That, of course, doesn't mean you have to agree with the House prosecutors as they make their case for impeaching the president for abusing his power and obstructing Congress. But to call for hearing their case fully, and for considering what witnesses (both the prosecution's and the defense's!) have to say about that case--that would be an honorable way to acknowledge that responsibility. And it would enable you to be able to authentically exercise the judgment which you have before

Last year, when President Trump claimed that the emergency at the southern border was all the pretext he needed to appropriate money for building his wall which Congress had not, in fact, constitutionally allocated for that use, Congress, rightly, protested. The House voted against that action (Representative Ron Estes, my congressman and your colleague, voted with the president); as did the Senate--and you voted with the majority, against Trump's (and your own party leadership's) wishes. At that time, you wrote at length about your fear of an "all-powerful executive," the importance of showing some "understanding of history" in making decisions, and most of all about how "the ends don't justify the means." Tomorrow you will begin sitting as a juror in President Trump's impeachment trial, and prominent members of your own party have made it known--despite criticism from the right and the left--that they have already decided what the end should be: namely, Trump's acquittal. That's not a show of judgment, that's not using--as you said you did a year ago--your "intellect" and your "gut." That's just assuming that this whole process is a show, and there's not reason to pretend that it matters. Taking impeachment seriously, by contrast, whatever the flaws and confusions of this example of it, involves being willing to perform a role, and follow through with it to where the evidence--witnesses included!--you feel it leads.

Look, we're all smart people here: we all know, and most of all we know that you know, President Trump will not be impeached. (Similarly, you surely knew that Trump would veto Congress's blockage of his claimed emergency powers last year, which he did.) We're not asking you to make some kind of grand, pointless stand. But we are asking, as your Kansas constituents, that you do what I suspect your own conservative judgment surely calls for you to do: to push back against Senator McConnell's cynical approach, and demand that the trial, with all its customs and trappings, with its witnesses and evidence and two cases ritually presented, be allowed to go forward as the Constitution specifies.  Let the House impeachment managers call witnesses. Let Trump's defense team do likewise. Let the whole process be performed as it ought to be, however convoluted that path that led to this point may be.

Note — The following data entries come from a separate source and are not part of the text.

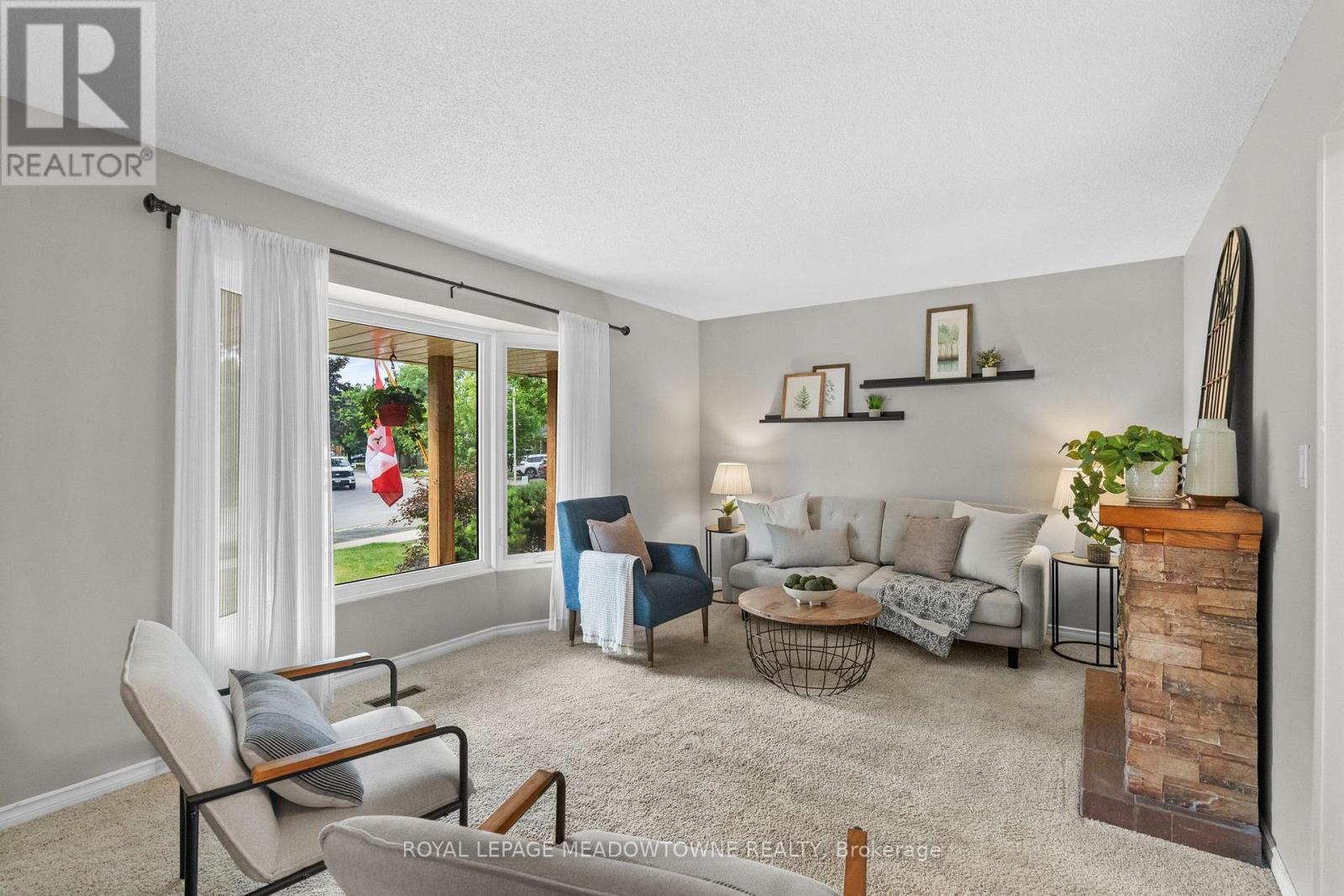 709 Middleton Crescent, Milton, Ontario  L9T 4C2 - Photo 5 - W13538638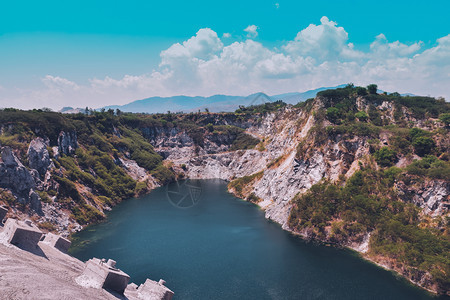 天空下的山峦和湖泊图片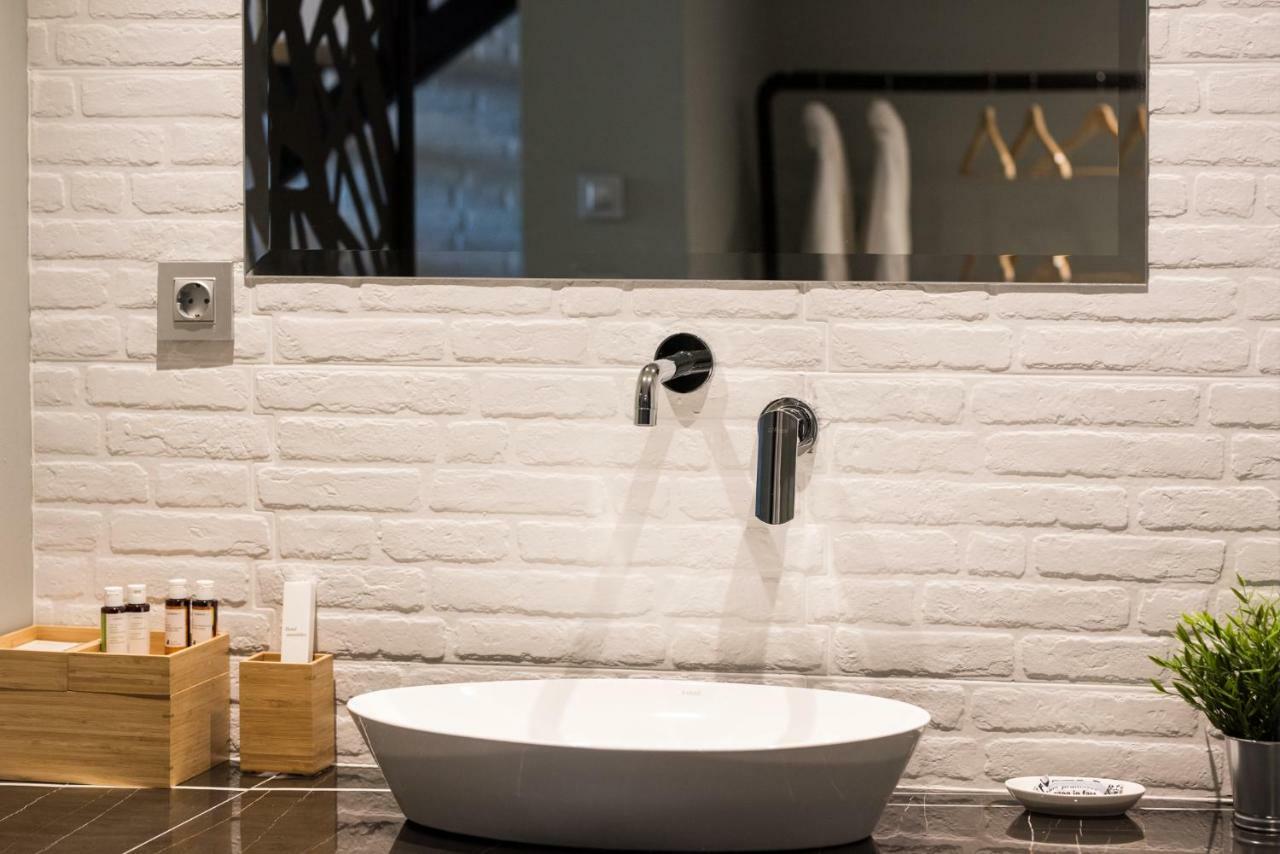 Oinoelia Luxury & Apartment Potos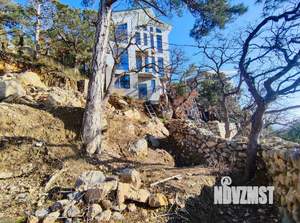 Дом 142м&sup2;, 3-этажный, участок 10 сот.  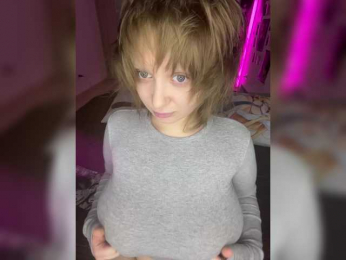 -peDoVo4ka228- webcam model stream image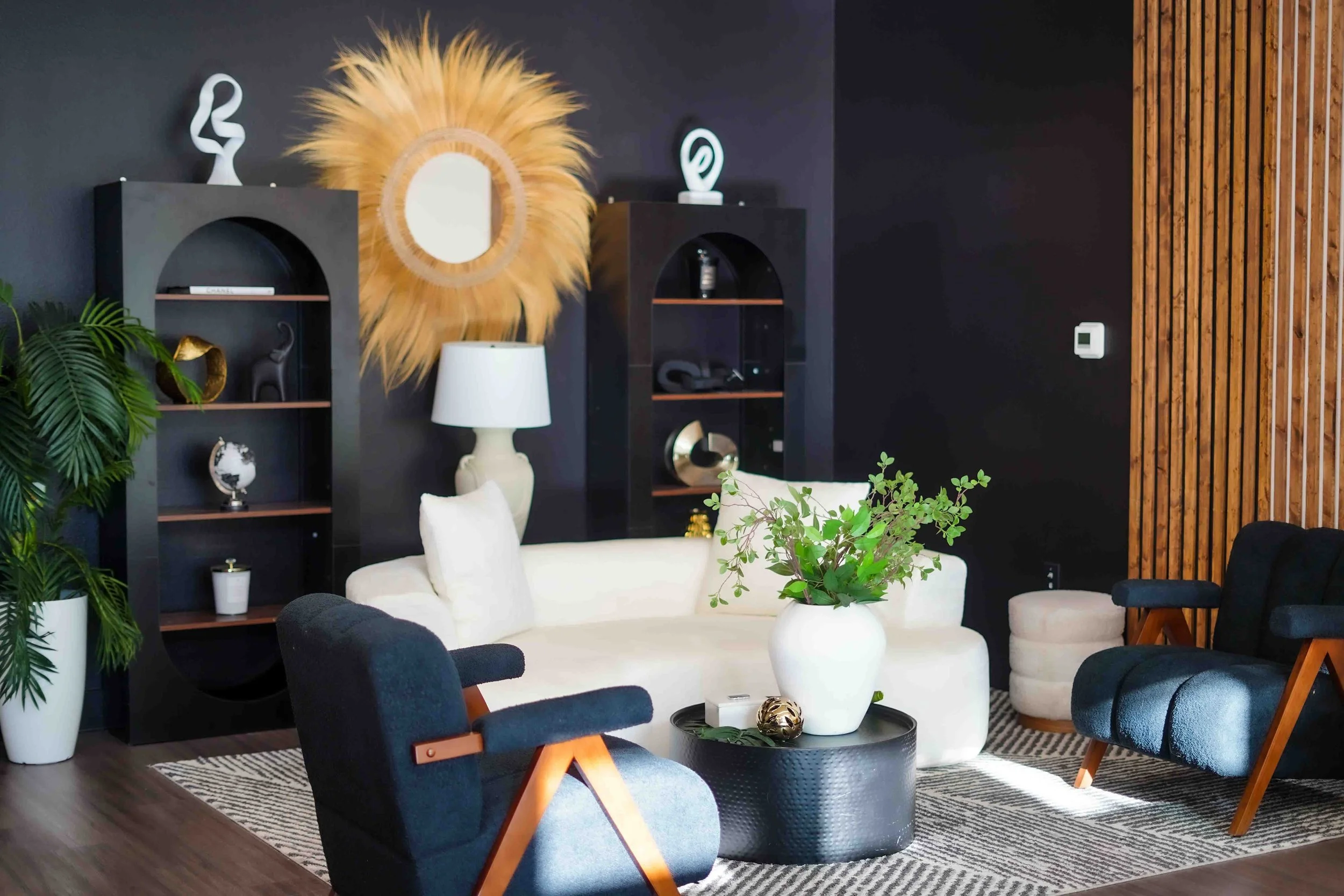 Our Dallas Photography studio is a Natural light photography studio in North Dallas with a white wall setup available for rent near Farmers Branch and Plano. Our modern photography studio located in North Dallas, is available for rent for photographe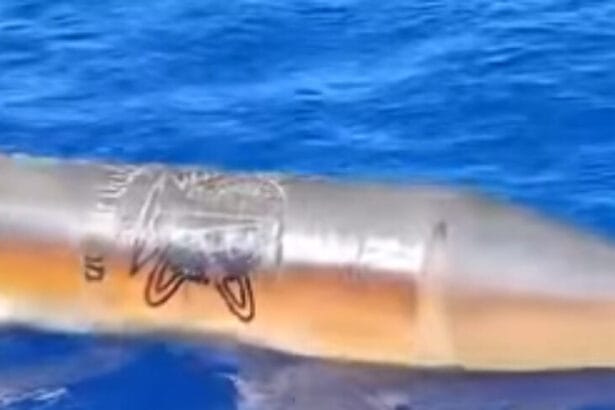 Oggetto dello stato israeliano nel mare della Sicilia: satellite o missile Le acque tra Lampedusa e l'isolotto di Lampione sono diventate teatro di un ritrovamento insolito, che ha subito messo in moto la macchina dei controlli. A lanciare l'allarme, nel pomeriggio di ieri, è stato l'equipaggio del motopeschereccio Andrea Doria, imbattutosi in un enigmatico oggetto che galleggiava alla deriva.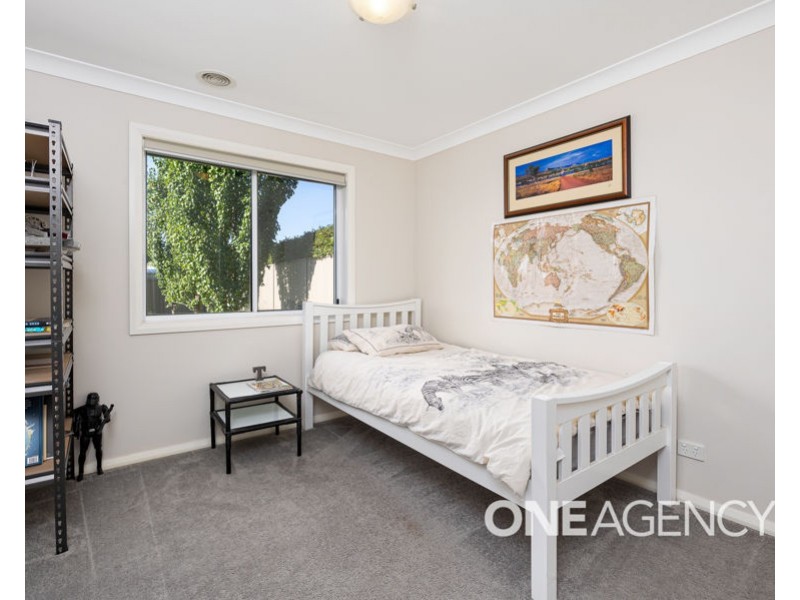 15 MULLAGH CRESCENT, Boorooma NSW 2650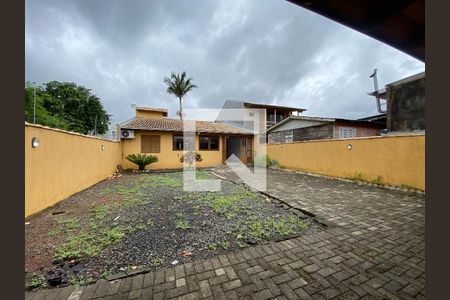 Casa à venda com 310m², 3 quartos e 3 vagas Casa à venda com 310m², 3 quartos e 3 vagasÁrea Externa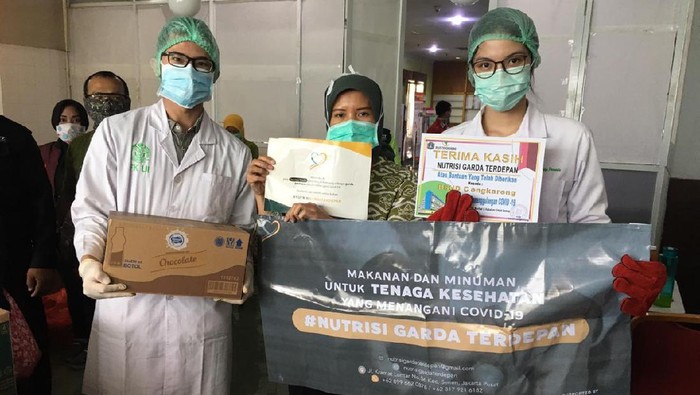 Dukungan untuk Para Garda Terdepan Corona Frisian Flag Indonesia bermitra dengan mahasiswa dalam aksi #NutrisiGardaTerdepan membagikan susu siap minum kepada tenaga medis.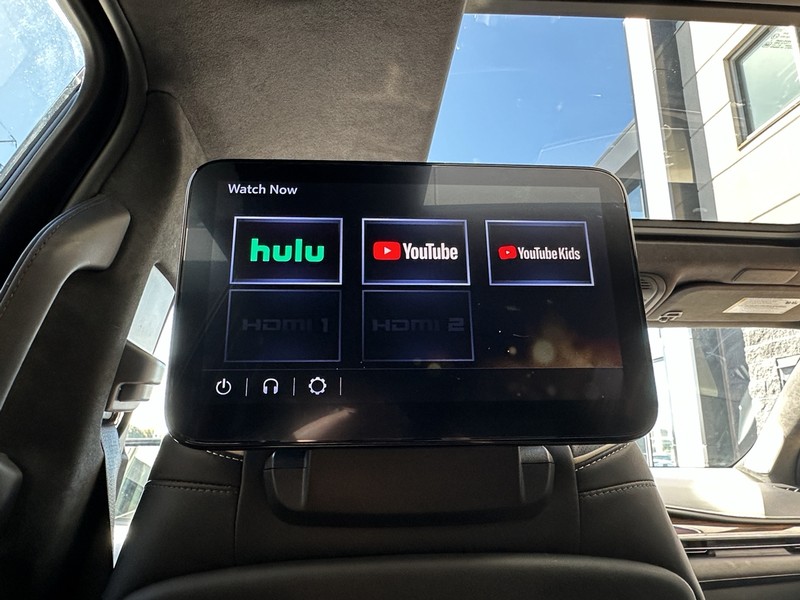 Cadillac Escalade ESV Vehicle Full-screen Gallery Image 27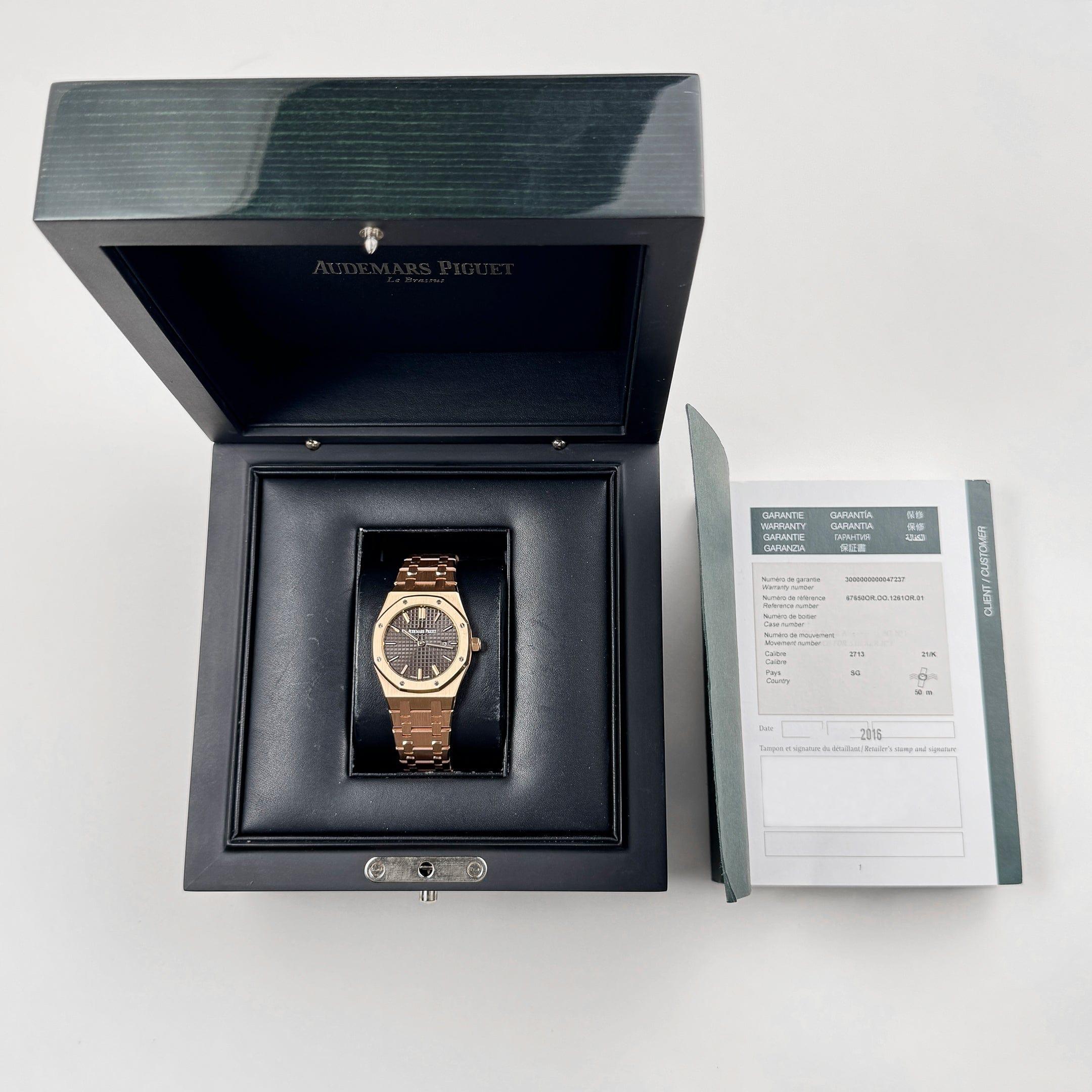 Audemars Piguet Royal Oak 67650OR.OO.1261OR.01 Rose Gold Brown Dial Quartz en vente 4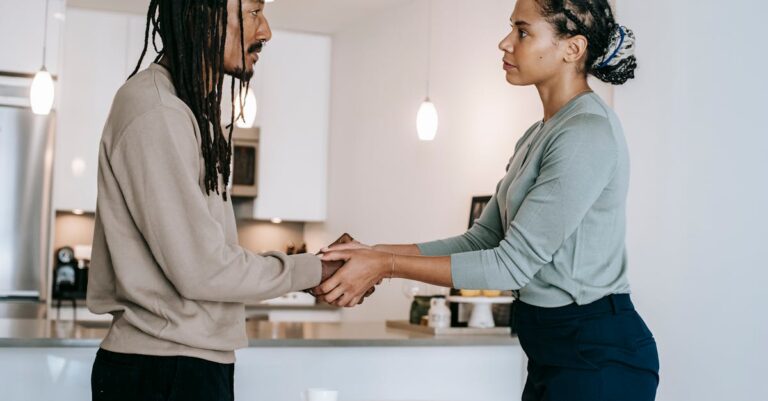 découvrez les principes fondamentaux de la psychanalyse, une méthode thérapeutique explorant l'inconscient pour mieux comprendre les comportements humains et les émotions. plongez dans le monde fascinant de la pensée freudienne et ses applications contemporaines.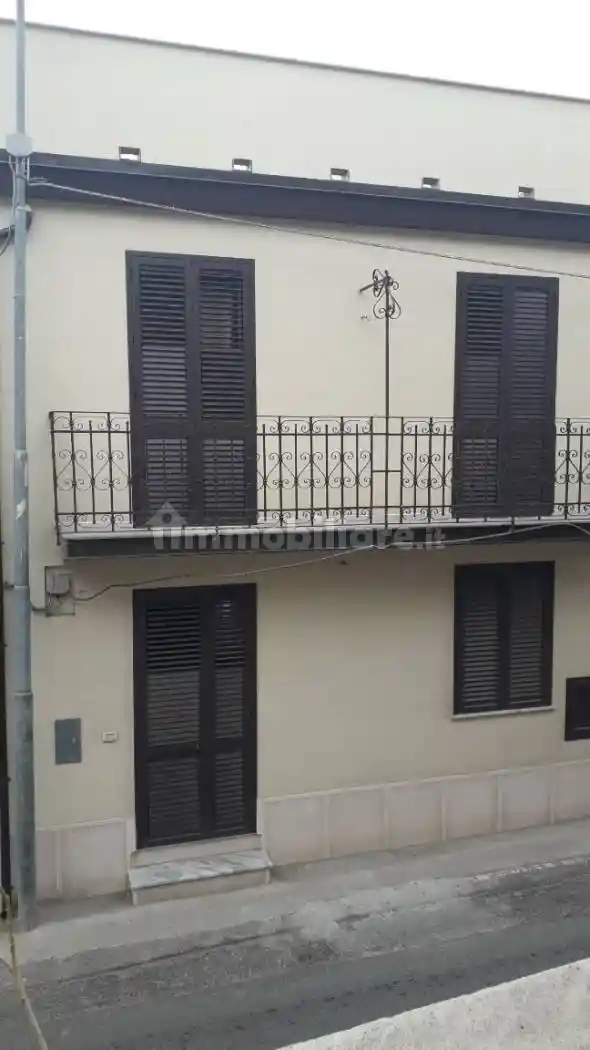 Casa indipendente in affitto a Reggio Calabria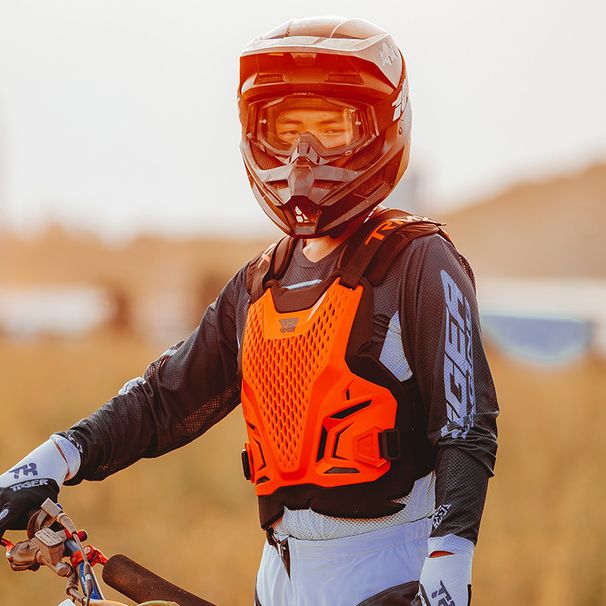 Profesionāls bezceļu aizmugures aizsargs Motocikla sporta muguras aizsargs_voghion.com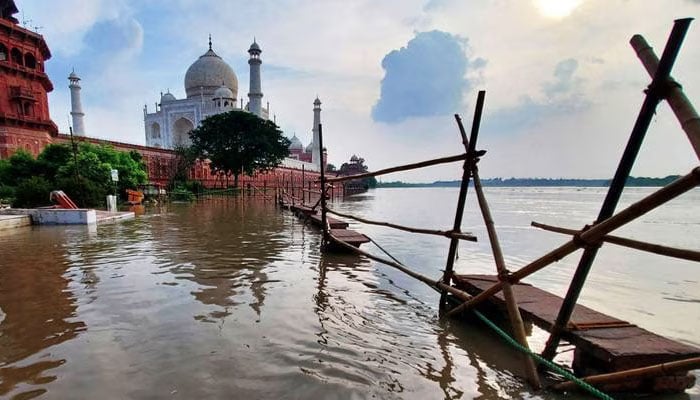 The water of Yamuna river reached the walls of Taj Mahal, Indian media The water of Yamuna river reached the walls of Taj Mahal, Indian media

Yes, the articles of impeachment sent to you by the House demand, in the end, a judgment call, an assessment of murky issues of presidential expectations and responsibilities, rather than a cut-and-dried application of the law. All the more reason to add your vote to those who will push against the hurried, dismissive (dare I say "Trumpish") approach to this constitutional matter, those who seek to it as fair and impartial as possible. The result may be foregone--but the process isn't. And is anything positive is to come out of the whole impeachment process, it may be a reminder that, so long as we choose to accept the basics of our constitutional order, then constitutional procedure still matters. That's a reasonable judgment, don't you think?